#### EXTRACTED ENTRIES
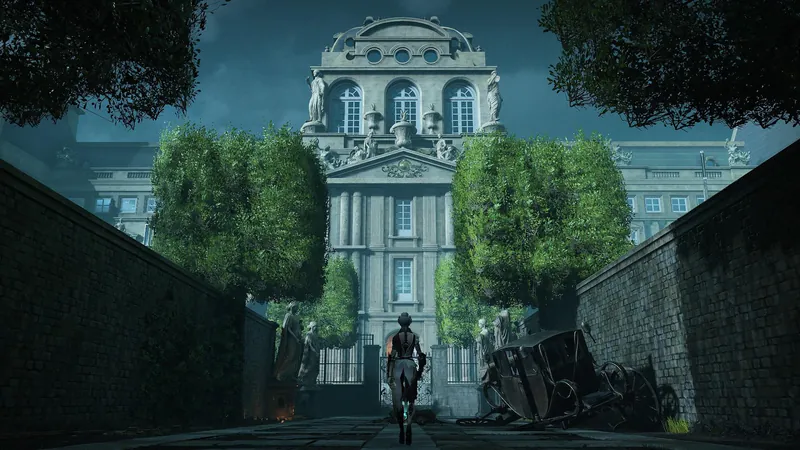 Steelrising screenshot 6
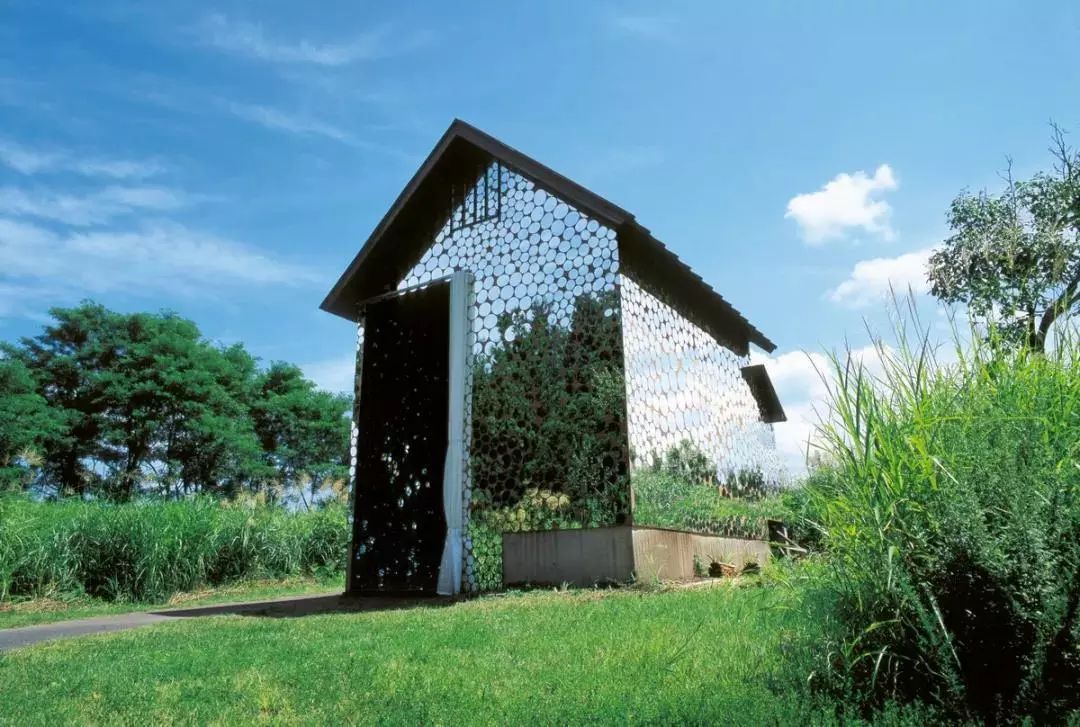 乡村改造创意工坊设计概念,极简乡村改造设计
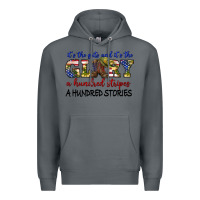 Rock its the guts and its the glory a hundred stripes Premium Hoodie - texasbilliewilder
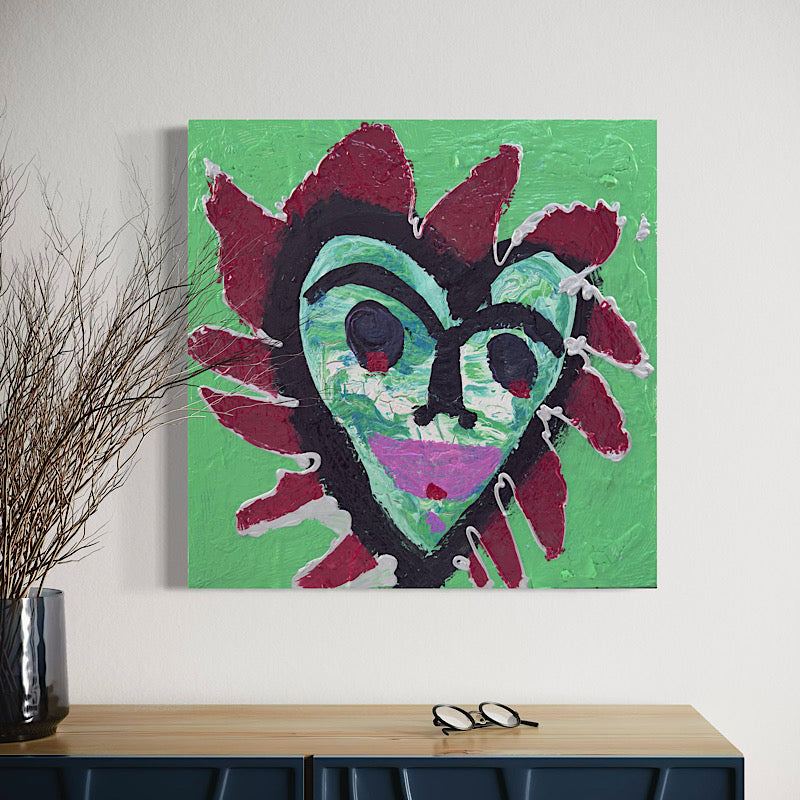 Open Heart, Original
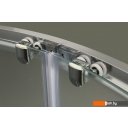 Душевые кабины BelBagno UNO-195-BF-1-130-C-Cr (прозрачное стекло)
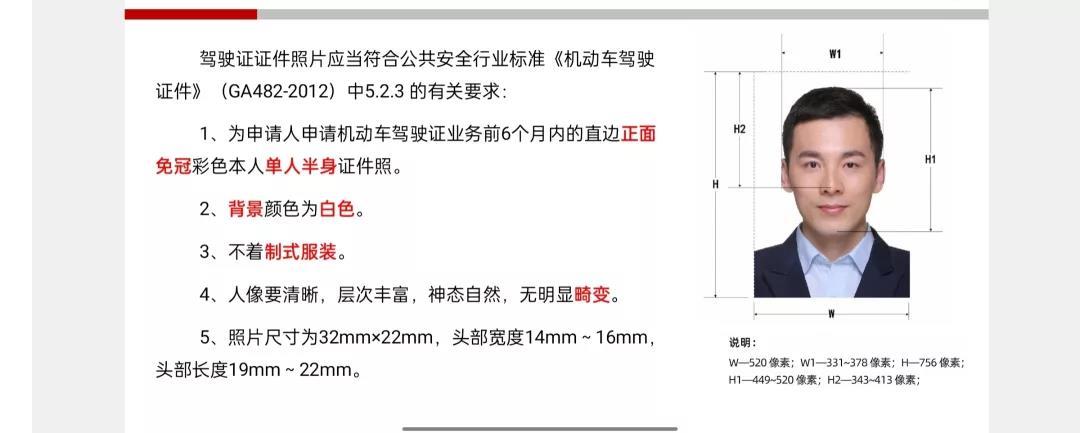 由全國公安交管電子證照系統生成,動態顯示駕駛證準駕車型變化,交通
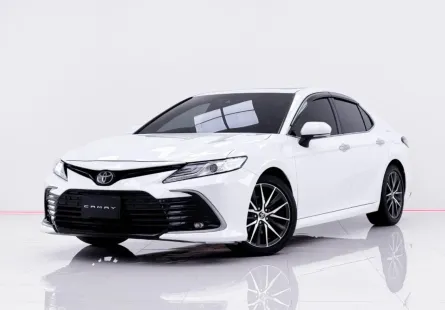 6A858 TOYOTA CAMRY 2.5 PREMIUM  2022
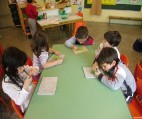 I bambini punteggiano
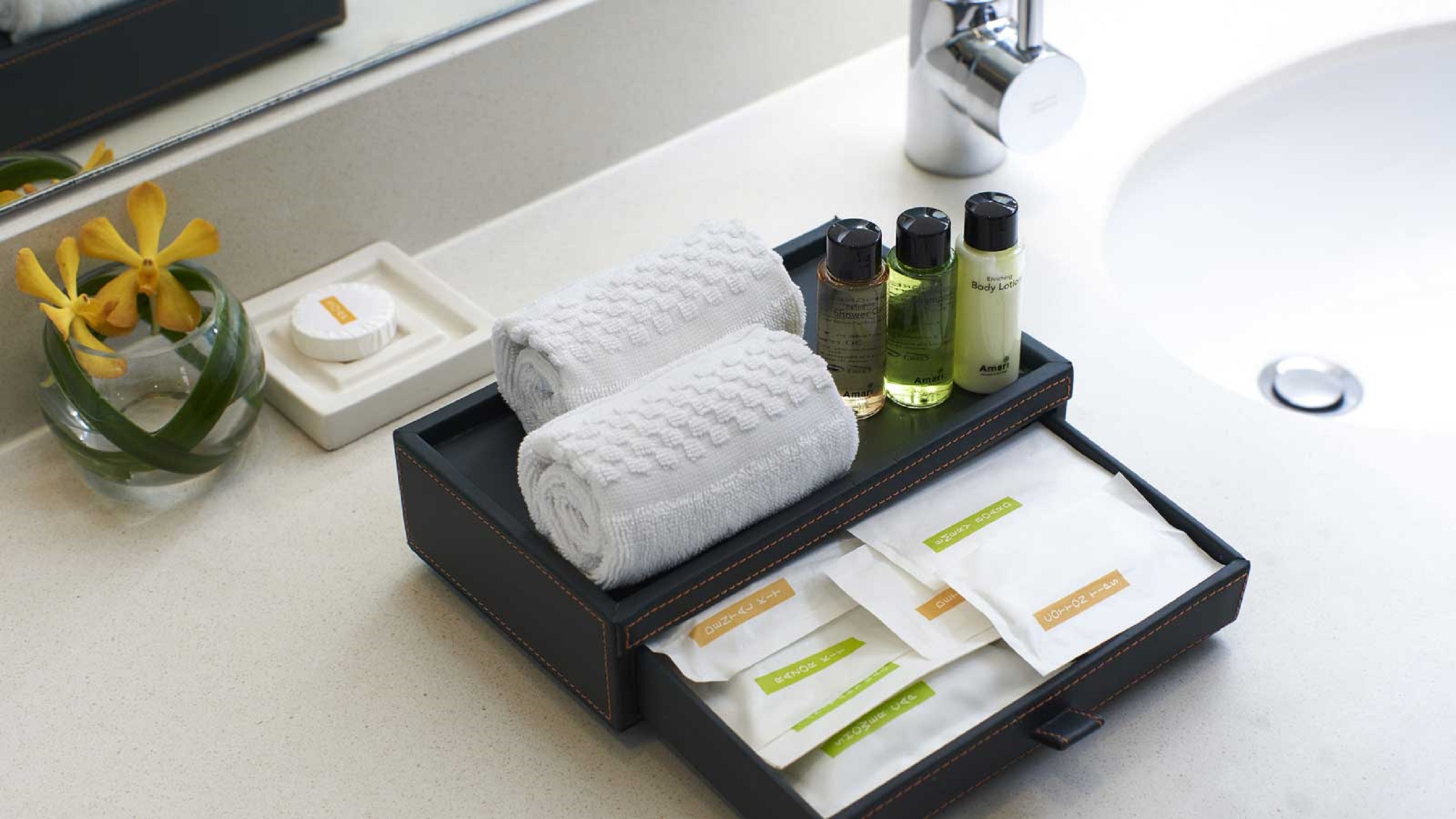 Twin Deluxe Ocean View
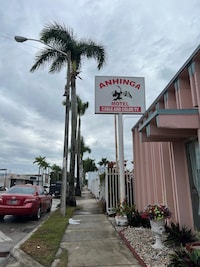 Anhinga Motel Homestead FL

#### EXERCISE GOAL
Return the material exactly as it reads, though without the pictures it holds.

#### RESPONSE TO THIS TASK
 Steelrising screenshot 6
 乡村改造创意工坊设计概念,极简乡村改造设计
 Rock its the guts and its the glory a hundred stripes Premium Hoodie - texasbilliewilder
 Open Heart, Original
 Душевые кабины BelBagno UNO-195-BF-1-130-C-Cr (прозрачное стекло)
 由全國公安交管電子證照系統生成,動態顯示駕駛證準駕車型變化,交通
 6A858 TOYOTA CAMRY 2.5 PREMIUM  2022
 I bambini punteggiano
 Twin Deluxe Ocean View
 Anhinga Motel Homestead FL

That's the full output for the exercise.